I got very excited when the lovely Lisa bought  Amber, Gold and Black for me. Martyn Cornell's blog Zythophile is one of my favourites, and I find beer history fascinating, so this book looked set to be a cracking. And indeed it was. I even tried slowing down my reading speed as I didn't want it to end. I still finished it rapidly so I've made up for it by reading it twice.

Divided into 16 chapters ,with each one devoted to a different beer style, the origins of the style and details of how it was or is made and the changes that may have taken place over time are all covered. Each chapter is independent of the others so the book can be dipped in to or read cover to cover depend on how much of a beer nerd you are.

As regular readers of the Zythophile blog will expect there's an impressive level of carefully researched detail, and not all about what you might expect. When discussing the various beers found in the different styles some pretty obscure ones get mentioned, even some that are probably best forgotten about. The beers styles are mostly defined by the simple and sensible method of using what the brewers called them, though an old favourite of mine, Ind Coope Burton Ale is singled out for criticism for it's gratuitous misnaming. 

Reading about the rich and varied history of British Beers has been inspirational to me as a brewer. I've already brewed a unhopped lemon balm ale (like my previous unhopped ales still a bit shit sadly) and I have a culture of a Brettanomyces yeast waiting in my fridge until the traditional brewing season opens in October, which I think will be a fitting time to brew a Colne Spring Ale inspired stock ale.

I can thoroughly recommend the book to brewers and beer historians, and I dare say those whose interest in beer is simply in drinking the stuff will get a lot out of it too. 

Thursday 16 September 2010

Beer on the radio

The launch of the Good Beer Guide has caused a bit of excitement today. I've heard it mentioned a couple of times on the radio, though the main point of interest seems to be the record number of breweries there now are in Britain: over 760. On the way home from work they had an interview on Radio 4 with some people from the Barearts microbrewery.
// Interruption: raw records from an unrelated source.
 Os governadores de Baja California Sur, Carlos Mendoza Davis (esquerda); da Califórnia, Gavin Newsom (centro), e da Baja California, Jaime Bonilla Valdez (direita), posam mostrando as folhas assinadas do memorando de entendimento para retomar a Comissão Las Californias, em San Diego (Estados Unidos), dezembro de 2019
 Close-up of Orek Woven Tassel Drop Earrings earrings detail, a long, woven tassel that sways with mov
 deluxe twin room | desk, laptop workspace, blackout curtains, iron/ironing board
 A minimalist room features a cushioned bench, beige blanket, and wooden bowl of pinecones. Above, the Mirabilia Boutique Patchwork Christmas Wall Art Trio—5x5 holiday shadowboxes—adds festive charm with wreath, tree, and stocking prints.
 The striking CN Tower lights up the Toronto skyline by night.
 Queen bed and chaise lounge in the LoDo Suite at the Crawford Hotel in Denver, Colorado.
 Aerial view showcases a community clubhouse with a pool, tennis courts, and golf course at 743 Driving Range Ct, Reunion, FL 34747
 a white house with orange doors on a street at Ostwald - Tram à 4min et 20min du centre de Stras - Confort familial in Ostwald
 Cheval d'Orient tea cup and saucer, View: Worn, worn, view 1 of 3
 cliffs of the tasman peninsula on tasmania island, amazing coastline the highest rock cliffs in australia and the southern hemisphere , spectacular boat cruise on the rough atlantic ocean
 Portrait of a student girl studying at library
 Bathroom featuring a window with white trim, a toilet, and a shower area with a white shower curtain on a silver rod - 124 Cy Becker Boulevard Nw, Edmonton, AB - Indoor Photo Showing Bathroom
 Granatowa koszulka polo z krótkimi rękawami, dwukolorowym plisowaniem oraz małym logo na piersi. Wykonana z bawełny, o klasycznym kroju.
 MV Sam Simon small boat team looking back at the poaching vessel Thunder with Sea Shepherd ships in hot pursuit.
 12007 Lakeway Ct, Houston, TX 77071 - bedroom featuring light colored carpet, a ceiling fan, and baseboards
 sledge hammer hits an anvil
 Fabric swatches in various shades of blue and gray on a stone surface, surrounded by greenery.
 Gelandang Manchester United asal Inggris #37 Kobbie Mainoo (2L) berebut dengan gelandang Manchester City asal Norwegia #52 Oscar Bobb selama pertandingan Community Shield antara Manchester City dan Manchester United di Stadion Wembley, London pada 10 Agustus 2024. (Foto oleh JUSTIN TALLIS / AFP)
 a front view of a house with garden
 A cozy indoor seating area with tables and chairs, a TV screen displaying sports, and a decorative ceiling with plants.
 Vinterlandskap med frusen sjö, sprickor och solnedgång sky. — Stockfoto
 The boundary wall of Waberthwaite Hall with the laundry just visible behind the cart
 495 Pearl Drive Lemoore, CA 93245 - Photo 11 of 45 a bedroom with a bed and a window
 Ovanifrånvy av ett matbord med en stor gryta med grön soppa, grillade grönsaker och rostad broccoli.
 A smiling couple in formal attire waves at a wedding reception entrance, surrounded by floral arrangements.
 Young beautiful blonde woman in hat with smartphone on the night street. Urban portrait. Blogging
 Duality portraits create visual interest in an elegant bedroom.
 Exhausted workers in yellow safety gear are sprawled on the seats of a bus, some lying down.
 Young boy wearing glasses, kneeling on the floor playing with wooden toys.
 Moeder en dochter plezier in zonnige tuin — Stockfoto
The interview starts around 49 min 25 secs. 

Sunday 12 September 2010

'Forever blowing bubbles' lecture by Charlie Bamforth

On Thursday I hotfooted it to Fuller's for a lecture by Charlie Bamforth. This was the last of a series of lectures he's been doing in Britain and this time he was speaking in his capacity as 'the pope of foam'.

As someone who doesn't care much for big heads I've never given much thought to beer foam but he was a good speaker and a few interesting facts managed to permeate my brain:

  • Nitrogen gas added to beer is indeed the horror I've always thought it is. It may well be great for making bubbles but it destroys hop flavour, which may not be a problem for Guinness but it's bad news for Boddingtons.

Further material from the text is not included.